Energy

Hurricane Florence Revealed High Cost, Vulnerabilities of Nuclear Power

Under pressure to promote the safety and reliability of nuclear power as it seeks subsidies and bailouts from the Trump administration, the nuclear power industry is flaunting how well plants in North Carolina stood up to Hurricane Florence in mid-September. For one, the industry’s trade group, the Nuclear Energy Institute, is gushing about how North Carolina’s power plants stood up to the storm. Elsewhere, industry reporters indulge in navel-gazing pieces that draw equivalency between the risks of nuclear with natural gas.

In reality, the risk to man, material and environment remains an intrinsic threat in energy production, regardless of the source. However, these incidents carry nowhere near the potential for widespread illness and contamination of a nuclear reactor meltdown.

It’s true that most of North Carolina’s five commercial nuclear plants endured Florence unscathed. It’s also true that three of the plants sat completely outside of the direct path of the storm. Duke Energy Corp. did take its Brunswick facility offline because it was directly in the storm’s path, per federal law. But the necessity of the shutdown takes us back to the cost challenges that nuclear power still faces and begs the question whether the bailout plan, ordered by President Donald Trump, is truly worthwhile.

It’s not the thickness of the walls; it’s the height of the barriers and the strength of their seals. This was the case in 2012 when rising water from a freak storm penetrated improperly sealed barriers and flooded the cooling pumps of a Florida Power & Light nuclear plant in Port St. Lucie, Fla.

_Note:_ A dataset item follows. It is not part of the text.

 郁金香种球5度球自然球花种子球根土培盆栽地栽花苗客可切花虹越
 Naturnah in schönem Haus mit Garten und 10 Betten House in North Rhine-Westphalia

The nuclear power plant in Fukushima withstood the 9.0-magnitude earthquake that struck Japan in March 2011. It was a flood breach from the ensuing tsunami that damaged emergency pumps meant to cool the reactor that caused the meltdown. After Fukushima, the U.S. Nuclear Regulatory Commission required plants to be upgraded to meet new flood protection standards. In the United States, these upgrades will cost close to $5 billion through 2020, according to a 2016 report from S&P Global Platts.

It is questionable whether the Duke Energy Brunswick plant, located 4 miles from the Atlantic coast, even meets these new standards. In the days before Florence, Dave Lochbaum, a former nuclear engineer who now directs the UCS nuclear safety project, told National Geographic.com that the Brunswick plant reported missing flood barriers to the NRC in 2012. A follow-up report sent to the NRC in 2015 was not made publicly available, although the UCS says the NRC’s 2015 assessment found Duke underestimated flood potential by 8 feet.

Although flood waters did not breach the facility during Florence, safety officials were still forced to wait until flooding subsided and roads were passable to reactivate the Brunswick facility. As the Brunswick shutdown illustrates, regardless of the amount of on-site fuel a plant may contain, if a plant is forced to shut down, then it fails the “resilience” test on its face.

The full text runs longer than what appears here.